The third influential treatise by Farḡānī was his Taʿlīl le-zīj al-Ḵᵛārazmī, which is now lost but was extensively used ca. 890 by Hāšemī (pp. 102-9, 229-41) and in the 10th or 11th century by Ebn al-Moṯannā in his Taʿlīl le-zīj al-Ḵᵛārazmī, which is preserved in both Hebrew and Latin translations. Farḡānī’s commentary was also referred to by Bīrūnī in his Ketāb esteḵrāj al-awtār (Rasāʾel al-Bīrūnī, Hyderabad, 1948, I, pp. 128 f. and 168 f.).

Farḡānī also wrote a Ketāb ʿelal al-aflāk (Book of the Principles of the spheres), from which an excerpt is given by Ebn Rosta (pp. 9-11; for German tr., see Wiedemann, 1984, I, pp. 326-28), and a Ketāb ʿamal al-roḵāmāt (Book of making horizontal sundials; Sezgin, IV, p. 151).

 

Bibliography (for cited works not given in detail, see “Short References”):

D. J. Boilot, “L’Oeuvre d’al-Beruni: Essai Bibliographique,” MIDEO 2, 1955, pp. 161-396.

R. Campani, “Il ‘Kitāb al-Farghānī’ nel testo arabo e nelle versione,” Rivista degli Studi Orientali 3, 1910, pp. 205-52.

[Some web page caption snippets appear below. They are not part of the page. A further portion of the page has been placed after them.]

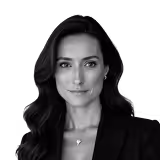 Portrait of a woman with long dark hair wearing a black blazer and a delicate necklace, looking at the camera with a neutral expression.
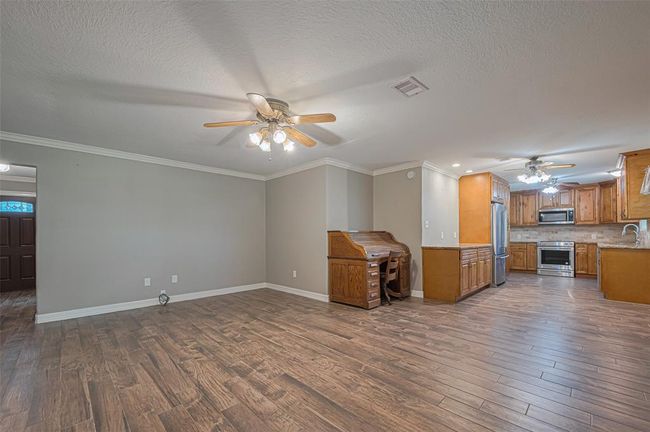 Large living area flows freely into dining area and kitchen, perfect for entertaining or family gatherings | Image 7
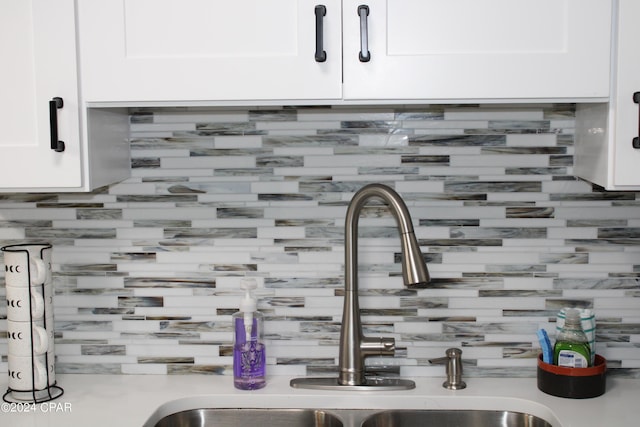 details with light countertops, a sink, and white cabinetry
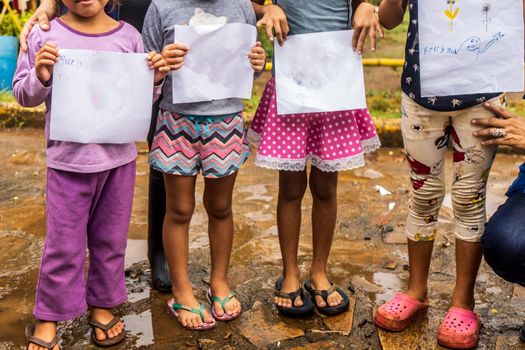 Group of dabnified children showing blank papers where they drew pictures in El Rama, Nicaragua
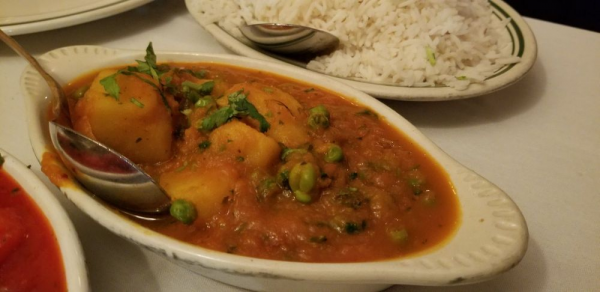 Order Aloo Matar food online from India's Restaurant store, Los Angeles on bringmethat.com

F. J. Carmody, Arabic Astronomical and Astrological Sciences in Latin Translation, Berkeley and Los Angeles, 1956, pp. 113-16.

Ebn Abī Oṣaybeʿa, ʿOyūn al-anbāʾ fī ṭabaqāt al-aṭebbāʾ, ed. A. Müller, 2 vols., Cairo, 1882.

Ebn al-Moṯannā, Taʿlīl le-zīj al-Ḵᵛārazmī, extant only in Latin translation as El comentario de Ibn al-Muṯannā’ a las Tablas Astronómicas de al-Jwārizmī, ed. E. Millás Vendrell, Madrid and Barcelona, 1963; and in Hebrew translation, ed. and tr. B. R. Goldstein, Ibn al-Muthannā’s Commentary on the Astronomical Tables of al-Khwārizmī, New Haven, 1967.

Alī b. Solaymān Hāšemī, Ketāb fī ʿelal al-zījāt, ed. F. Haddad, E. S. Kennedy, and D. Pingree, Delmar, N.Y., 1981.

E. Honigmann, Die Sieben Klimata und die Poleis ‘Episēmoi, Heidelberg, 1929.

D. A. King, “On the Astronomical Tables of the Islamic Middle Ages,” Studia Copernicana 13, 1975, pp. 37-56.

A. I. Sabra, “Al-Farghānī,” Dictionary of Scientific Biography IV, New York, 1971, pp. 541-45.

Ṣāʿed Andalosī, Ketāb ṭabaqāt al-omam, ed. H. Bū ʿAlwān, Beirut, 1985.

Sezgin, GAS VI, pp. 149-51.

M. Steinschneider, Die hebraeischen Übersetzungen des Mittelalters und die Juden als Dolmetscher, Berlin, 1893, pp. 554-57.

E. Wiedemann, Aufsätze zur arabischen Wissenschaftsgeschichte, 2 vols., Hildesheim, Germany, and New York, 1970.

Idem, Gesammelte Schriften zur arabisch-islamischen Wissenschaftsgeschichte, 3 vols., Frankfurt am Main, 1984.

G. Wiet, “Une restauration de Nilomètre de l’île de Rawda sous Mutawakkil (247/861),” Comptes rendus de l’Académie des inscriptions et belles lettres, 1924, pp. 202-6.